START Provided data

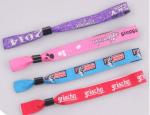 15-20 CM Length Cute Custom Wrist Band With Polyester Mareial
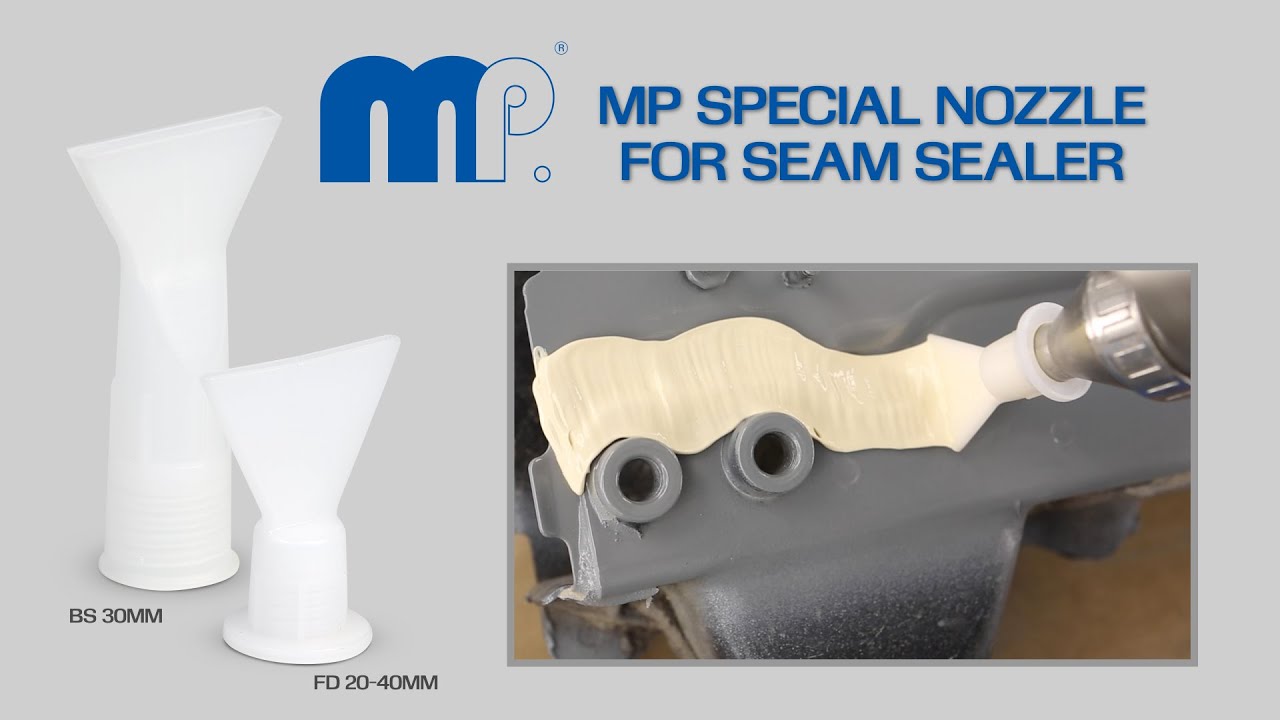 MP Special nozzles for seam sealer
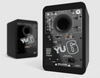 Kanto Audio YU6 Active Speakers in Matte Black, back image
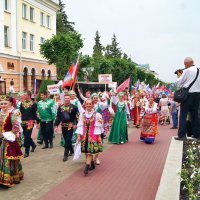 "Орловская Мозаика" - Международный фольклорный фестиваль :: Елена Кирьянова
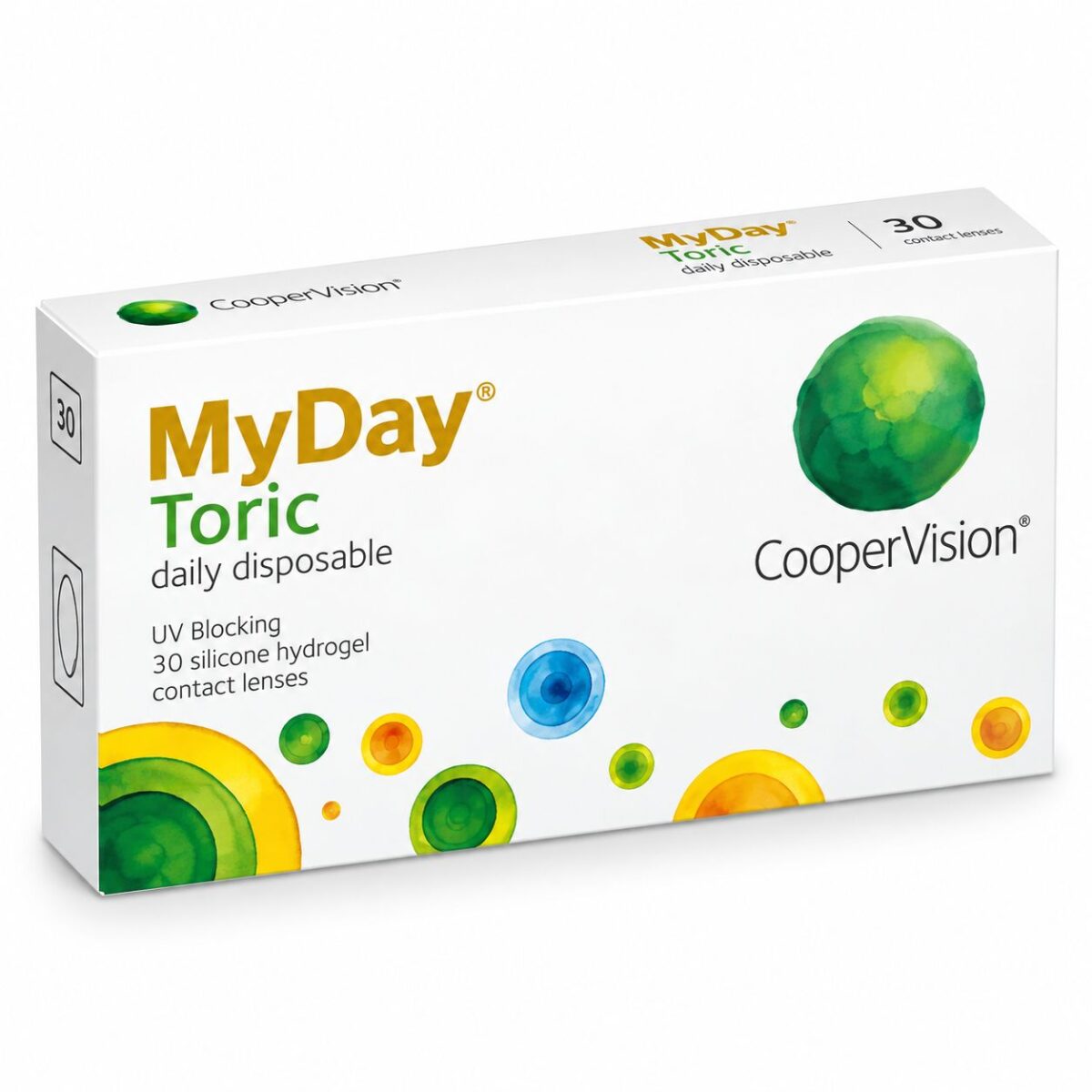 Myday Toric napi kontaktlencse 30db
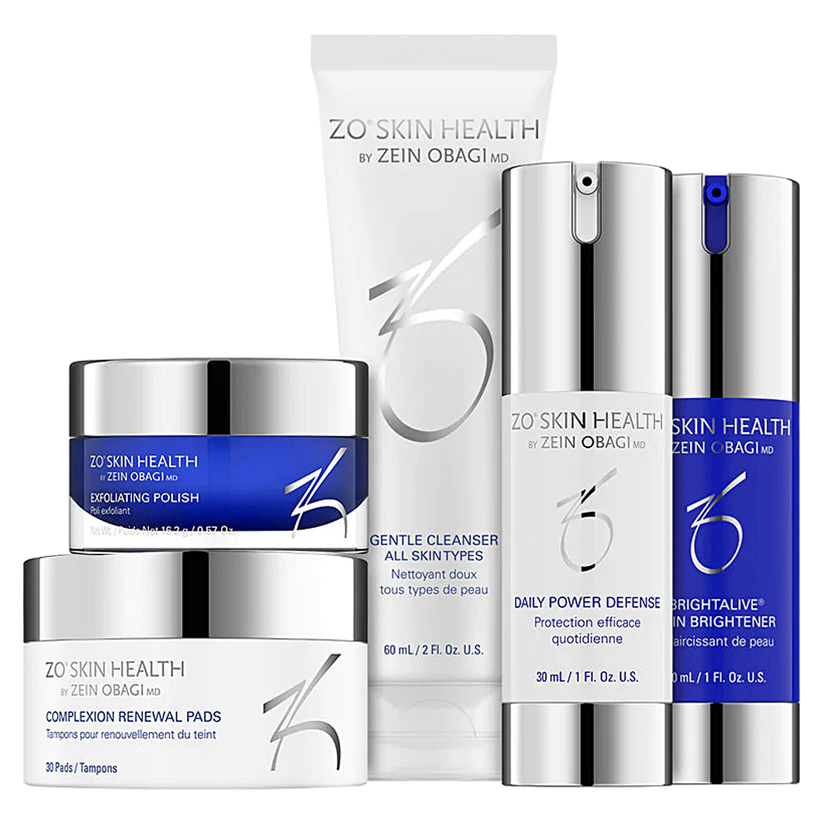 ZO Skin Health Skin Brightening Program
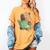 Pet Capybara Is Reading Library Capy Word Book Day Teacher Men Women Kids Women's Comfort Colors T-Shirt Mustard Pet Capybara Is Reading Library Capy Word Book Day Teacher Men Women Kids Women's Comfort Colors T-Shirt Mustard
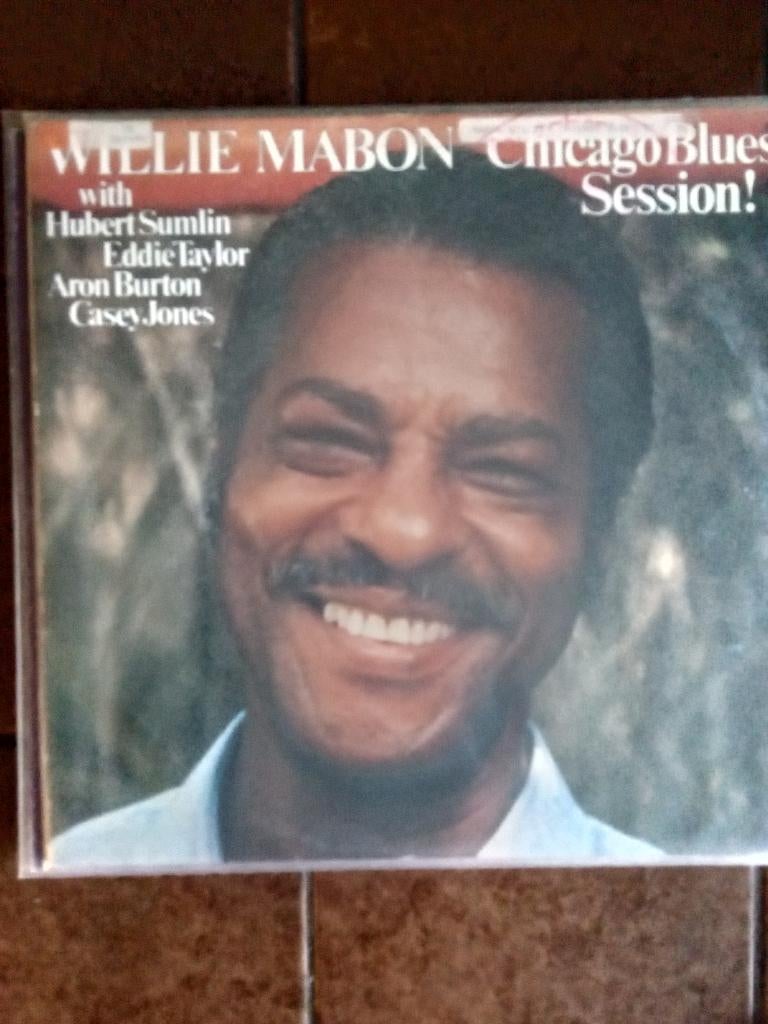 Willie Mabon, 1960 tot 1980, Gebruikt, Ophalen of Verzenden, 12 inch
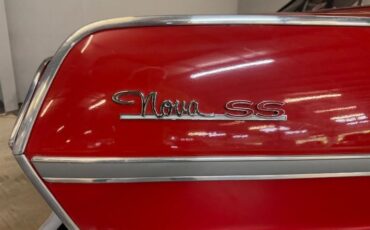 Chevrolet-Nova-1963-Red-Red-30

END Provided data

**Exercise objective**.
Set down each entry above word for word, without its pictures.

**Task solution**.
 15-20 CM Length Cute Custom Wrist Band With Polyester Mareial
 MP Special nozzles for seam sealer
 Kanto Audio YU6 Active Speakers in Matte Black, back image
 "Орловская Мозаика" - Международный фольклорный фестиваль :: Елена Кирьянова
 Myday Toric napi kontaktlencse 30db
 ZO Skin Health Skin Brightening Program
 Pet Capybara Is Reading Library Capy Word Book Day Teacher Men Women Kids Women's Comfort Colors T-Shirt Mustard Pet Capybara Is Reading Library Capy Word Book Day Teacher Men Women Kids Women's Comfort Colors T-Shirt Mustard
 Willie Mabon, 1960 tot 1980, Gebruikt, Ophalen of Verzenden, 12 inch
 Chevrolet-Nova-1963-Red-Red-30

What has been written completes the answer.